In that moment, being around him felt far more dangerous than it had in those previous meetings, and all your brain was telling you to do right then was to run.
You managed to turn around and step out of the room-
But that was as far as you got, as something pulled you back in. And just like your phone moments earlier, you were pulled into his grip.
You tried to keep your breathing level in an effort to keep calm. Panicking never helped you when it came to dealing with him. It was hard, but you needed to do that much.

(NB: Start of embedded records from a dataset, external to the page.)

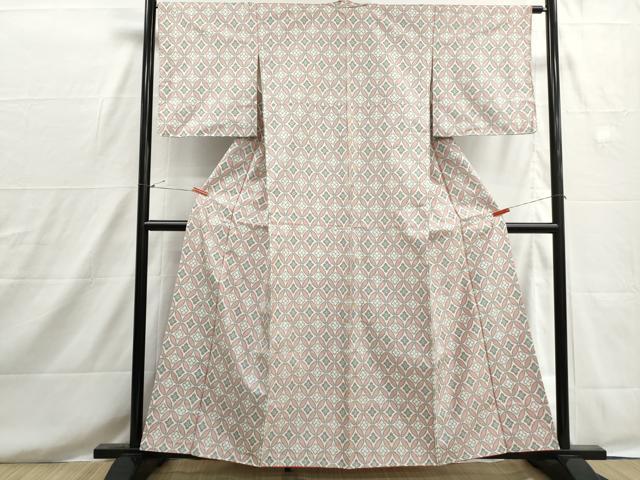 平和屋着物■本場大島紬　7マルキ　七宝花文　正絹　逸品　DABH8583qa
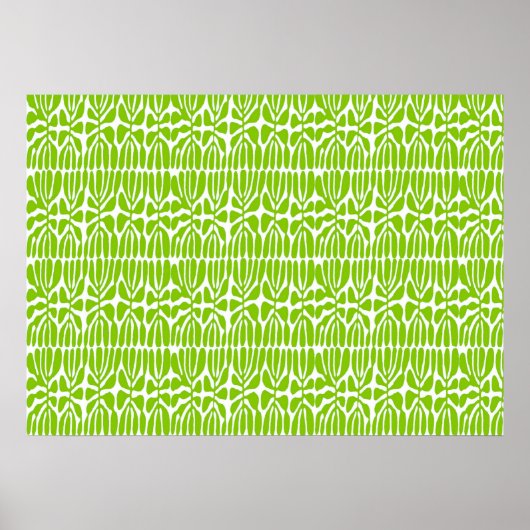 Poster Feuilles verts, Homage Matisse (Devant)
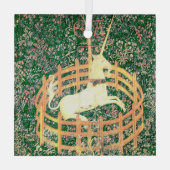 捕らえられたユニコーン ガラスオーナメント (裏面)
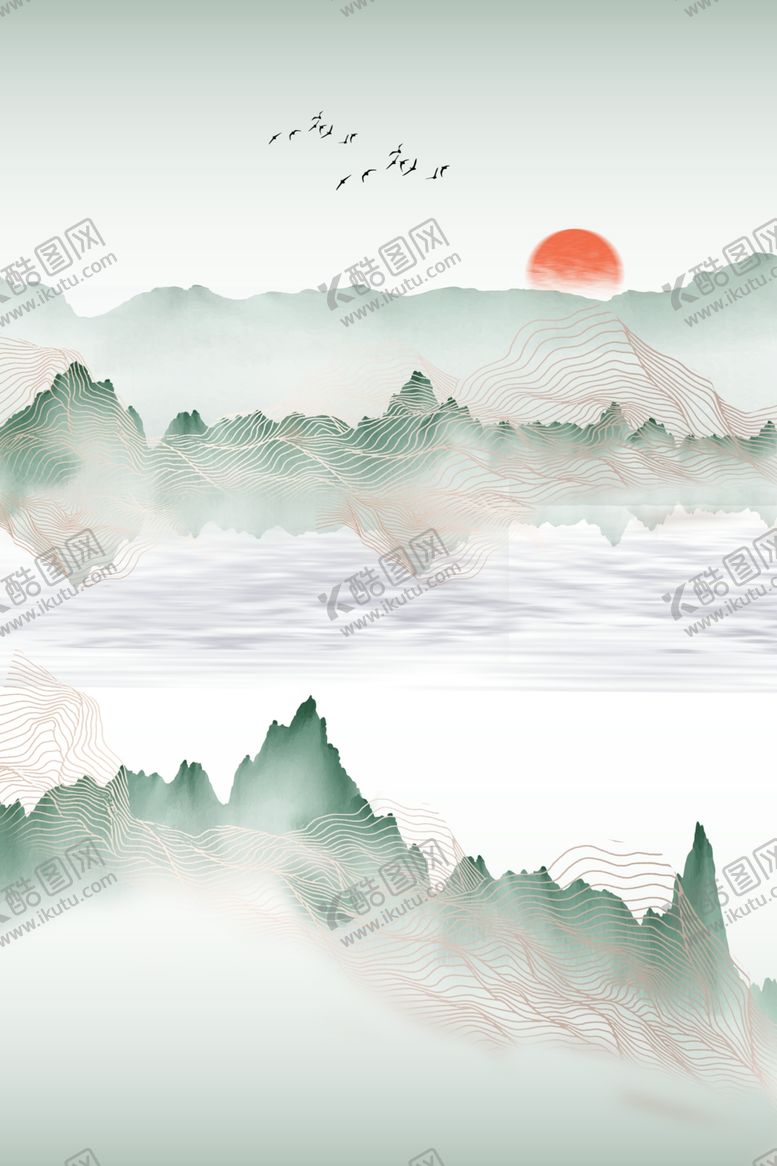 编号：86336210200421319174【酷图网】源文件下载-北欧风简约抽象艺术装饰画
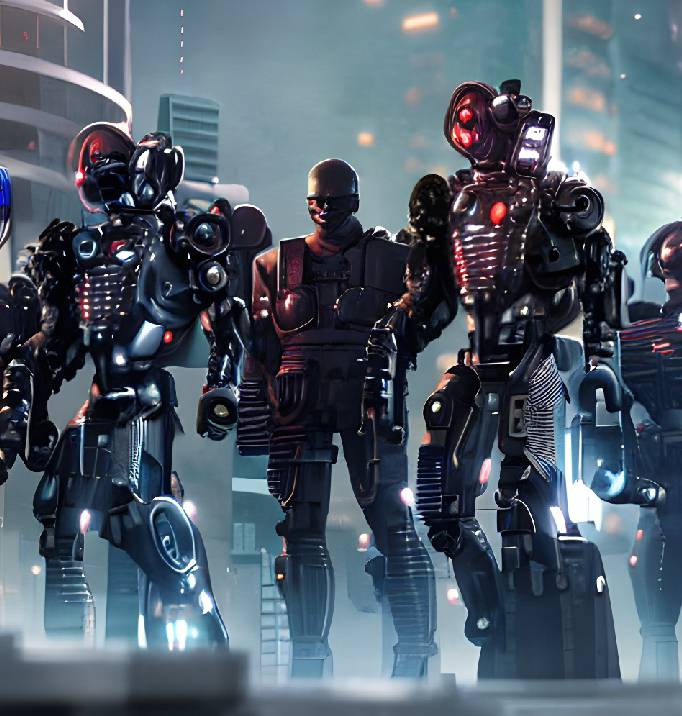 Cyborg Crewmate Cyborg soldiers by arslanKings on DeviantArt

Although you didn't want to, eventually you managed to compel yourself to turn your head and confirm visually what you already knew the instant you heard his voice:
Hisoka had found you.
He stood at the top of the stairs, the signature star and teardrop painted beneath his eyes and clad in one of his usual gaudy outfits. He'd also changed his hair color since you'd seen him last, having gone from orange to back to pink.
Despite your sullen expression, he was as amused as ever when your eyes met his. Raising up one hand, he waved at you as he said “I saw that you were taking a trip to Begerosse, so I thought I'd surprise you.”
When you didn't reply, Hisoka continued with “well, pet? Aren't you happy to see me?”
He was smiling when he said that, knowing full well that you were currently the furthest thing from 'happy' whenever you saw him. And especially now.
No doubt he'd realized what it was that you were trying to do and was here to put a stop to it.
As easy as it would have been to admit defeat while falling into despair, you reminded yourself that you weren't helpless, not completely. For now, try to keep him talking while you figured out what to do from here. At least that part would be easy enough – Hisoka loved to talk.
“So you lied about going to Heavens Arena,” you finally said.
“I didn't lie,” he answered, “but there was nothing interesting going on, so I left early.”
He pulled out a deck of playing cards, and he began to shuffle them from hand to hand as he continued with “it's a good thing I did. If I hadn't seen you heading off to the port, you might be in a terrible situation right now.”
“It's hard to imagine that anything could be worse than being alone with you,” you responded flatly.
Instead of being insulted by your jab, Hisoka smiled. As usual, nothing you said was able to upset him. You could've spewed out the most hateful, vile words towards him (and you had a few times when you'd reached your limit) and he was only ever proud of the fact that he'd managed to get you that angry with him. Nothing ever phased him. Nothing that you were capable of, anyway.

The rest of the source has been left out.